I due vescovi cinesi Li Shan (Pechino) e Huang Bingzhang (Shantou), il cardinale segretario di Stato Pietro Parolin, Anelli e Giuliodori (ANSA/CATTOLICA DEL SACRO CUORE)
Un convegno per rilanciare la diplomazia culturale tra Chiesa cattolica e Repubblica Popolare cinese. È quanto avvenuto oggi nella sede milanese dell’Università Cattolica del Sacro Cuore, dove si è svolto l’incontro (intitolato «1919-2019. Speranze di pace tra Oriente e Occidente») organizzato dall’Istituto Confucio, diretto dalla professoressa Elisa Giunipero, e dal Centro di World History diretto dal professor Agostino Giovagnoli, al quale hanno preso parte anche il segretario di Stato vaticano, cardinale Pietro Parolin, e due vescovi cinesi - monsignor Li Shan, vescovo di Pechino, e monsignor Huang Bingzhang, vescovo di Shantou, i primi pastori cinesi a visitare il nostro Paese dopo l’Accordo Provvisorio siglato tra governo cinese e Santa Sede del 22 settembre 2018, che ha affrontato anche il tema della nomina dei vescovi nel Paese.

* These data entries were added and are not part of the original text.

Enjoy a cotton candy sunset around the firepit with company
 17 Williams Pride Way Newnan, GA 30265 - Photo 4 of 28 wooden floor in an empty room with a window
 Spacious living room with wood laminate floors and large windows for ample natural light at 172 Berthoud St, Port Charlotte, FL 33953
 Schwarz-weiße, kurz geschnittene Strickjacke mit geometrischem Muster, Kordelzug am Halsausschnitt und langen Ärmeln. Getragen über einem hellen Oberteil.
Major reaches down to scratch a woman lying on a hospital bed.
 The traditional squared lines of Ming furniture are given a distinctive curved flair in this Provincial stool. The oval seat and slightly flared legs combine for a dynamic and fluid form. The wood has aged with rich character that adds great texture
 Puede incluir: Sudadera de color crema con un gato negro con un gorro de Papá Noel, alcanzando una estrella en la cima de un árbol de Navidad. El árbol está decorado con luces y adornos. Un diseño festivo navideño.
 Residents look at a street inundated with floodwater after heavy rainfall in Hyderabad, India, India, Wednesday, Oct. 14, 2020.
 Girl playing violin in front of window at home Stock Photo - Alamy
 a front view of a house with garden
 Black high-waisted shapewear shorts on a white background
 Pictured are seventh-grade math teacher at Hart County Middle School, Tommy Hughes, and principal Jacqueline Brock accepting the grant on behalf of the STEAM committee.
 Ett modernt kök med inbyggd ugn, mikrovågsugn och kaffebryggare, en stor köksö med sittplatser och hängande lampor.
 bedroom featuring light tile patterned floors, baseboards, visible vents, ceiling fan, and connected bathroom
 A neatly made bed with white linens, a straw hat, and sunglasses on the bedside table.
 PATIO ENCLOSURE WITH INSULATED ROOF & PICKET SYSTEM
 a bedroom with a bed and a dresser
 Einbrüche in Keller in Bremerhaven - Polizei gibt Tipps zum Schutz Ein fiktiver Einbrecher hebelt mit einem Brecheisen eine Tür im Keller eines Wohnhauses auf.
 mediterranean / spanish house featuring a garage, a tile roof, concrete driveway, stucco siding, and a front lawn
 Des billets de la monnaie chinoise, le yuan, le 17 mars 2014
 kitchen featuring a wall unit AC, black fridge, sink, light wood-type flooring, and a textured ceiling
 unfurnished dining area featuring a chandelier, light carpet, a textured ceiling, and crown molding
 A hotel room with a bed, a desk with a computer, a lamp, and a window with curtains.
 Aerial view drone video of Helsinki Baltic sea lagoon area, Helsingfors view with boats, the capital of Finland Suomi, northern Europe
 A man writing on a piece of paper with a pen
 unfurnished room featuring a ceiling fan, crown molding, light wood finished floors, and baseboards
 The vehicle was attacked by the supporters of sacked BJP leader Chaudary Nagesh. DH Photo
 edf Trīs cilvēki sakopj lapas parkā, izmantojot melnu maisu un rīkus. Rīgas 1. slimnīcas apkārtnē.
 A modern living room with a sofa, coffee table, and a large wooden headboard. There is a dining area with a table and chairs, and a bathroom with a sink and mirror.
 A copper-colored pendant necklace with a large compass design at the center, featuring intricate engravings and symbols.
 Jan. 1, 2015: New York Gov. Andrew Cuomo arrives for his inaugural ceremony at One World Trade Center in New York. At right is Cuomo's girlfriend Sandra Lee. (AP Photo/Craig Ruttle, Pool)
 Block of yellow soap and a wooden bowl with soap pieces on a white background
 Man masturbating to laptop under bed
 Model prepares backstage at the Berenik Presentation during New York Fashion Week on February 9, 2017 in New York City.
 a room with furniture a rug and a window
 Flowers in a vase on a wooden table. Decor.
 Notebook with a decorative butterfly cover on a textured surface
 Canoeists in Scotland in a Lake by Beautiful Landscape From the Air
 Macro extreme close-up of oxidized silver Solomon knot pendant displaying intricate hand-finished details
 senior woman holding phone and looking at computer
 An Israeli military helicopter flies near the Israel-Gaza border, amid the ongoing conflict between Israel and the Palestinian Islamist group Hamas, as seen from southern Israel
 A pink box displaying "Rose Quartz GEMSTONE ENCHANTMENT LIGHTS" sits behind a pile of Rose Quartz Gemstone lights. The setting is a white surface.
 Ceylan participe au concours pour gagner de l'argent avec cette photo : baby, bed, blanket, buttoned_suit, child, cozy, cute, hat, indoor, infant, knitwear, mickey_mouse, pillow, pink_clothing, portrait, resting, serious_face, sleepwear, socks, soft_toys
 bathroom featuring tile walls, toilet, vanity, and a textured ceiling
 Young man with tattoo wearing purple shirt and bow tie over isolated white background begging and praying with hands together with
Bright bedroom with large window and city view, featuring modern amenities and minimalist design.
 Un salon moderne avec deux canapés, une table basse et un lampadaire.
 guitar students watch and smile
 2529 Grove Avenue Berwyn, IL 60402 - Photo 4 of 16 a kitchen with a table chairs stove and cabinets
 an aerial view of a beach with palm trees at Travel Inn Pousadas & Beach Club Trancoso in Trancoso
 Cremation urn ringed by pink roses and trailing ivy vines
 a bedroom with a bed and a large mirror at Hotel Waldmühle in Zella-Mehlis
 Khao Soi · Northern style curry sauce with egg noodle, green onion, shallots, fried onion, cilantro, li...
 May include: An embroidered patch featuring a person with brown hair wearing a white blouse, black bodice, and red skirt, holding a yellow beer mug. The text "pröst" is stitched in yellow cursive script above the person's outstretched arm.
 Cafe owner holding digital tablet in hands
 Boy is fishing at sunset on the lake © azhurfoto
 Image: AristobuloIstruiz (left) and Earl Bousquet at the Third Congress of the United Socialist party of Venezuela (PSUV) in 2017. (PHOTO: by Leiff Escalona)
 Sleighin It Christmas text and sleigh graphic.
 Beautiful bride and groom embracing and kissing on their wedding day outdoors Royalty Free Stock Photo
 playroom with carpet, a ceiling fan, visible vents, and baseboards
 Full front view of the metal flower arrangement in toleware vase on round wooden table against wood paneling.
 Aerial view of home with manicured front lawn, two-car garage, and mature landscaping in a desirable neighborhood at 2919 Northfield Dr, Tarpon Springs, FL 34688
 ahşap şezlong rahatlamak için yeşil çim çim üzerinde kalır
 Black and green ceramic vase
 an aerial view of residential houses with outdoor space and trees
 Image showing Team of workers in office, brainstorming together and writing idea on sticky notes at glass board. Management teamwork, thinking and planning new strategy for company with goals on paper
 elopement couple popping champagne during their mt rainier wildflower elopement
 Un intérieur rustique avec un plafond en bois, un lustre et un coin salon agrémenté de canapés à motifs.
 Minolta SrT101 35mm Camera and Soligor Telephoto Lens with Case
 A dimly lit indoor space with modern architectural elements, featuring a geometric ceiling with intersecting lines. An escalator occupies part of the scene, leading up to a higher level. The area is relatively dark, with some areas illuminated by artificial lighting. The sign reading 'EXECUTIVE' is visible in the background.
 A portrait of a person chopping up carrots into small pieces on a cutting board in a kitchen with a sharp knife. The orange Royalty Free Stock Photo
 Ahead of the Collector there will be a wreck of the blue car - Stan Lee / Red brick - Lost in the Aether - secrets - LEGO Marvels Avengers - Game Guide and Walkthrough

«Senso del convegno è stato come ovvio garantire il confronto fra diversi punti di vista – spiega il professor Giovagnoli ad Avvenire ai margine del convegno –. Un ruolo molto importante quello del cardinale Parolin, e non soltanto per il suo intervento. Il convegno di Milano è stato infatti il primo incontro pubblico tra il segretario di Stato vaticano e i vescovi cinesi al di fuori del Vaticano». «Per i pastori provenienti dal Paese asiatico – sottolinea Giovagnoli – il significato di questa nuova apertura con la partecipazione a eventi all’estero è anzitutto ecclesiale, di comunione con il Papa, ma ha anche un orizzonte più vasto, perché mostra al mondo che la Chiesa unisce uomini e donne di Paesi diversi nonostante difficoltà e incomprensioni».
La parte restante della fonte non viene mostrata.